TASK TO COMPLETE: Copy the lines below, beginning with the one that contains "Майка с принтом магический череп черепом" and continuing through the final line, exactly as written and with no other lines.

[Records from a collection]
┌──
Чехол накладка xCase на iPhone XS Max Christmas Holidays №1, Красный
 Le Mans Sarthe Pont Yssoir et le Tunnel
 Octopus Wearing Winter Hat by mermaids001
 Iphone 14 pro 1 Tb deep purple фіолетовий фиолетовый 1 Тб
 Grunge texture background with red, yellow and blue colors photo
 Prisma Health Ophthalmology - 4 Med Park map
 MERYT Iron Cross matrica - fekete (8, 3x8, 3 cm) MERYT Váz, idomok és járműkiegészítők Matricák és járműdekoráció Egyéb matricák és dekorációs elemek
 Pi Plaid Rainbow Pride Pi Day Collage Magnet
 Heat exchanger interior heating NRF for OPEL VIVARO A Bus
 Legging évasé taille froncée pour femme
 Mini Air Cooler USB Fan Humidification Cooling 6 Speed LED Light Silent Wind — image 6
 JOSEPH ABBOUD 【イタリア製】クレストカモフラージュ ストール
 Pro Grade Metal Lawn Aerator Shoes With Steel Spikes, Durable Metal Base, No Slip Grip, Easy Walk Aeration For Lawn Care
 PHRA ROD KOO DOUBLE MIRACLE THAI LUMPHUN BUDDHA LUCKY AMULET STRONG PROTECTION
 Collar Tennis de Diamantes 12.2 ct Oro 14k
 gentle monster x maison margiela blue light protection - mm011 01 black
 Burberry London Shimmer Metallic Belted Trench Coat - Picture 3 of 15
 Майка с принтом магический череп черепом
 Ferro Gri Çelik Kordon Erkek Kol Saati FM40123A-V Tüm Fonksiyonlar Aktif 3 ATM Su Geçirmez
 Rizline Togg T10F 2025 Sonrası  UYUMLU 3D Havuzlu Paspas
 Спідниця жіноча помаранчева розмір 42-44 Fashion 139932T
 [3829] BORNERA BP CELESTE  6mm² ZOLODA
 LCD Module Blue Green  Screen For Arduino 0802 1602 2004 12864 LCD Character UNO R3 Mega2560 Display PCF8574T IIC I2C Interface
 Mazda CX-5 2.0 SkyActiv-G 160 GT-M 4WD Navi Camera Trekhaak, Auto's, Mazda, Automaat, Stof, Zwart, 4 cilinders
└──
EXERCISE RESPONSE:
 Майка с принтом магический череп черепом
 Ferro Gri Çelik Kordon Erkek Kol Saati FM40123A-V Tüm Fonksiyonlar Aktif 3 ATM Su Geçirmez
 Rizline Togg T10F 2025 Sonrası  UYUMLU 3D Havuzlu Paspas
 Спідниця жіноча помаранчева розмір 42-44 Fashion 139932T
 [3829] BORNERA BP CELESTE  6mm² ZOLODA
 LCD Module Blue Green  Screen For Arduino 0802 1602 2004 12864 LCD Character UNO R3 Mega2560 Display PCF8574T IIC I2C Interface
 Mazda CX-5 2.0 SkyActiv-G 160 GT-M 4WD Navi Camera Trekhaak, Auto's, Mazda, Automaat, Stof, Zwart, 4 cilinders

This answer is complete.